(Raw data Opens)

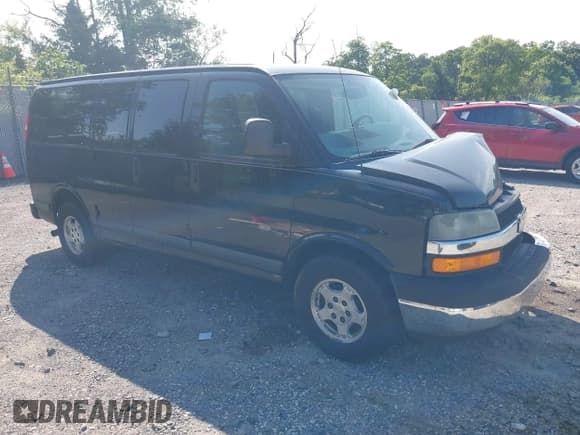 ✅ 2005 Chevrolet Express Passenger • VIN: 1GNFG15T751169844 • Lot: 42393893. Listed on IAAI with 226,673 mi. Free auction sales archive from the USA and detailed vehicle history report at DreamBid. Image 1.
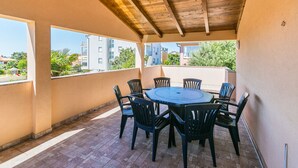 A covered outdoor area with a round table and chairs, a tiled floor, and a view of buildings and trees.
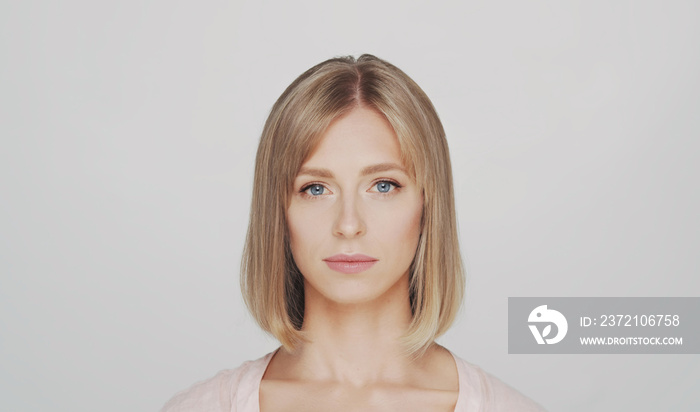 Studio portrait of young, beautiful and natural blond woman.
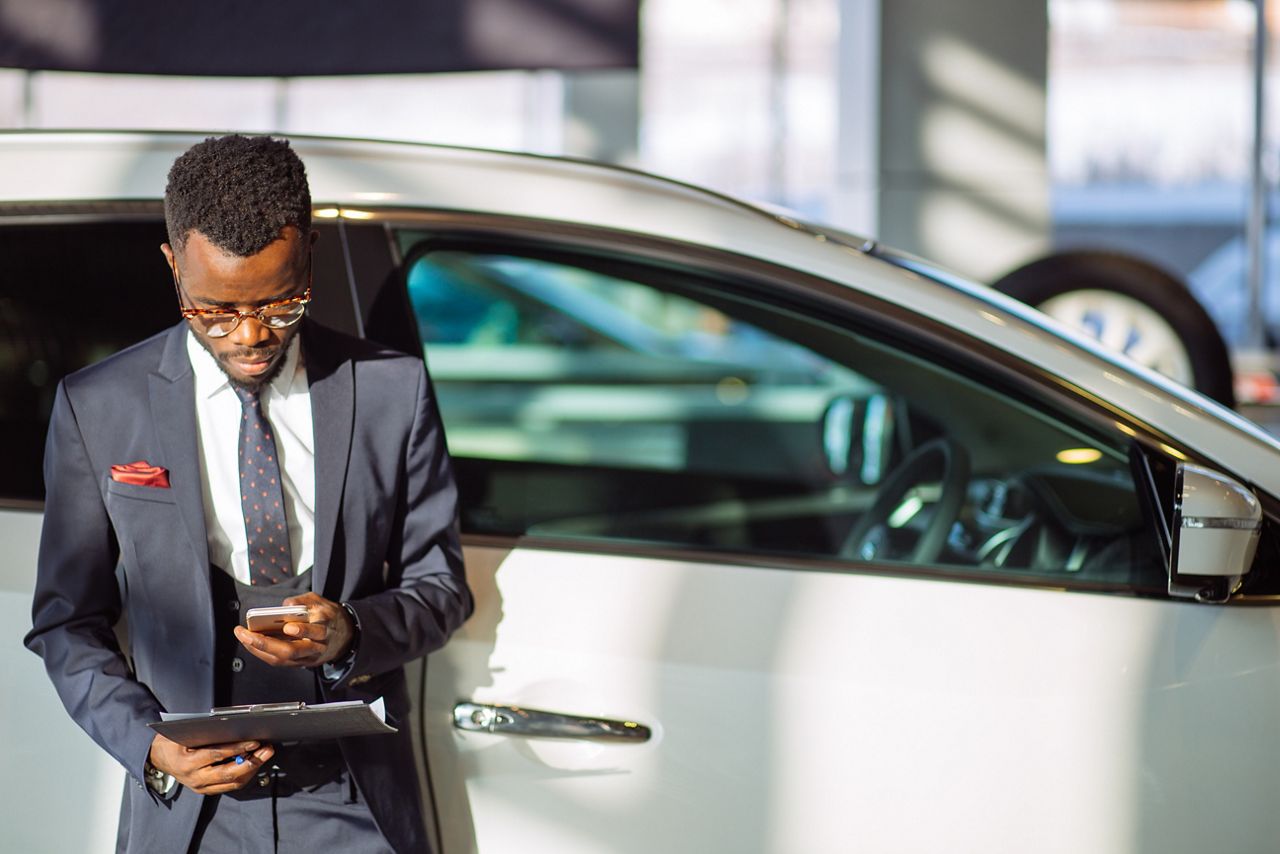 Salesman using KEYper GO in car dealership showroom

(Raw data Closes)

> Exercise directions
Please output the material as written, apart from the images.

> Exercise result
 ✅ 2005 Chevrolet Express Passenger • VIN: 1GNFG15T751169844 • Lot: 42393893. Listed on IAAI with 226,673 mi. Free auction sales archive from the USA and detailed vehicle history report at DreamBid. Image 1.
 A covered outdoor area with a round table and chairs, a tiled floor, and a view of buildings and trees.
 Studio portrait of young, beautiful and natural blond woman.
 Salesman using KEYper GO in car dealership showroom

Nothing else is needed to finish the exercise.